Es beginnt die Herrschaft der „Hundert Tage“. Schnell werden alle Spuren der Bourbonen beseitigt. Erst neun Tage nach dem Ablegen in Elba erfährt Wien von der Flucht. „Er will also den Abenteurer spielen“, poltert Kaiser Franz. Die Alliierten reagieren panisch. Sofort werden Truppen mobilisiert. Jetzt rächt sich, dass sie Napoleon nicht schon 1814 endgültig ausgeschaltet haben. Der polnische Historiker Adam Zamoyski macht vor allem Zar Alexander für die Flucht Napoleons verantwortlich. Dieser habe Elba schließlich selbst ausgesucht und Napoleon sogar eine Truppe versprochen. Der Franzose Thierry Lentz urteilt 2014 in seiner Analyse des Wiener Kongresses: „In Wien gab es keinen, der hellsichtig genug war zu erkennen, dass eine kurzsichtige Politik diesen verzweifelten Mann zu einer fatalen Reaktion treiben würde.“ Die Großmächte hätten zwar geahnt, wie gefährlich Napoleon für sie werden könne, hätten sich aber nicht zu einem gemeinsamen, entschiedenen Durchgreifen durchringen können.

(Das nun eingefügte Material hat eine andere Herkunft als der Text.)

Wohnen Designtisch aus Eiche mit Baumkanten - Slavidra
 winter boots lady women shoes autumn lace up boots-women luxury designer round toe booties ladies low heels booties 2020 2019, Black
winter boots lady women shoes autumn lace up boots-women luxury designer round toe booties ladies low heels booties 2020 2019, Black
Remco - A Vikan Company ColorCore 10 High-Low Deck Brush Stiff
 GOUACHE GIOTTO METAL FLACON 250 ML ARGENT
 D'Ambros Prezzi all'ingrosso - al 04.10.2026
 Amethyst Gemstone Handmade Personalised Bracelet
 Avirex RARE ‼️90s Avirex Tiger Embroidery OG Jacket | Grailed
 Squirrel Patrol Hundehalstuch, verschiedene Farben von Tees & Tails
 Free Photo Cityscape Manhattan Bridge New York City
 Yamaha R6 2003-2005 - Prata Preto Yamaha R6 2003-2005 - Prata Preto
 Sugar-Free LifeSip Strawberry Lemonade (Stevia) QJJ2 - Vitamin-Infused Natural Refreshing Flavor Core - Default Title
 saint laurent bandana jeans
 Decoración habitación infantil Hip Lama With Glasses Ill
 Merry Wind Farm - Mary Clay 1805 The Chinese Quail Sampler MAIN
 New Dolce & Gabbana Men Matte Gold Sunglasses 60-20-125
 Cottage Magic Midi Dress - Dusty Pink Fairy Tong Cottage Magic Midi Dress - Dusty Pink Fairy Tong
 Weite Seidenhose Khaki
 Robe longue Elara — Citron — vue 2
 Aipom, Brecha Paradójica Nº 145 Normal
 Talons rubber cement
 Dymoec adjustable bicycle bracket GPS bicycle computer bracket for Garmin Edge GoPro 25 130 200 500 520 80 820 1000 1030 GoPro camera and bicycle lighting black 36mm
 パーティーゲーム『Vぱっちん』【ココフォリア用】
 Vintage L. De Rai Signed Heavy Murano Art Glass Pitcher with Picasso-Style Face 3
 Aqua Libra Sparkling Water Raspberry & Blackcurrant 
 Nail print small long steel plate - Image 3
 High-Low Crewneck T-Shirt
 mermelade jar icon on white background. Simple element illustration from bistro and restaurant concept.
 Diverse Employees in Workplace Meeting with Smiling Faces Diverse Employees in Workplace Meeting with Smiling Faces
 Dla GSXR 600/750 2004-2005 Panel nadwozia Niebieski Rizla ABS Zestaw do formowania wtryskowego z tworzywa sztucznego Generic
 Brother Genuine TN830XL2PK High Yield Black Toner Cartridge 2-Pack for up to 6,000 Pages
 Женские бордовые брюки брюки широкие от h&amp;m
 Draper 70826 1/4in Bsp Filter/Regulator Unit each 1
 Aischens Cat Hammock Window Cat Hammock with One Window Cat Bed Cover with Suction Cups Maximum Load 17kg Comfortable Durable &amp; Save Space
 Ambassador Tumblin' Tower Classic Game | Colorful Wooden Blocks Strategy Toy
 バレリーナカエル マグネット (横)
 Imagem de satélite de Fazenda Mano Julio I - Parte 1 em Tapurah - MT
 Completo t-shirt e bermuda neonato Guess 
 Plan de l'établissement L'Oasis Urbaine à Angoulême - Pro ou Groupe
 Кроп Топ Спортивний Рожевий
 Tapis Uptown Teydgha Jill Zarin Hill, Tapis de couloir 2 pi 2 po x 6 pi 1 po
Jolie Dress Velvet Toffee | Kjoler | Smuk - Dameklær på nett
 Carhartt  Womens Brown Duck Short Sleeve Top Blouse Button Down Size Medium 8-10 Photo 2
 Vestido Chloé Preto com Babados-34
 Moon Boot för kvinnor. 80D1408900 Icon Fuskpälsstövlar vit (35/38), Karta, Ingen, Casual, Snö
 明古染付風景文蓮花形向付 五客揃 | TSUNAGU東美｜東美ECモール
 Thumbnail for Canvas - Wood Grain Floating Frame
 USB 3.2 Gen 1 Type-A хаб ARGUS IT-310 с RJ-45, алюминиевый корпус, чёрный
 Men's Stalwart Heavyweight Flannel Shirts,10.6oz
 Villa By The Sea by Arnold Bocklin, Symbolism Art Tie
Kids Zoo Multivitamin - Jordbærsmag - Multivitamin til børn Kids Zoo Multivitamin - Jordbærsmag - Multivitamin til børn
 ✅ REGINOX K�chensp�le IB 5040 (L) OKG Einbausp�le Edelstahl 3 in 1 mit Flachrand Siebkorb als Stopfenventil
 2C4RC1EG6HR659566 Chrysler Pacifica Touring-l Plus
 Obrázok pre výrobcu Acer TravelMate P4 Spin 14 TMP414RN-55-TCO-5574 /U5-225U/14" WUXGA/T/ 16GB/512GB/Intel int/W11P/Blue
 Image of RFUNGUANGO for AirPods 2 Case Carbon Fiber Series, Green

Die Flucht Napoleons hat aber auch ihr Gutes. Endlich bemühen sich die Großmächte auf dem Wiener Kongress tatkräftig um eine Friedensordnung für ein neues Europa nach Napoleon.

Auf das Hurra-Gefühl der Landung folgt für Napoleon der ernüchternde Alltag der Politik. Die Alliierten sind entschlossen, ihn endgültig zu vernichten. Verzweifelt versucht Napoleon, eine schlagkräftige Armee aufzustellen. Am 18. Juni 1815 stellt er sich beim Dörfchen Waterloo in Belgien zur Entscheidungsschlacht. Nach der schweren Niederlage – mehr als 30 000 Franzosen werden getötet oder verwundet – wird Napoleon kein Pardon mehr gegeben. So hoffnungsvoll, wie er auf Elba die L’Inconstant bestiegen hatte, so geschlagen geht er jetzt in Rochefort an Bord der „HMS Bellerophon“. Die Briten deportieren ihn diesmal in den Südatlantik, auf das 9000 Kilometer entfernte Eiland St. Helena.

Colonel Sir Neil Campbell wird nicht mehr mit der Bewachung betraut. In Longwood House passt jetzt Gouverneur Hudson Lowe auf. Der verhindert noch sechs Jahre lang mit allen Schikanen, wie Maschendrahtzäunen, nächtlichen Wachposten und peniblen Regeln, den Ausbruch seines alternden Gefangenen.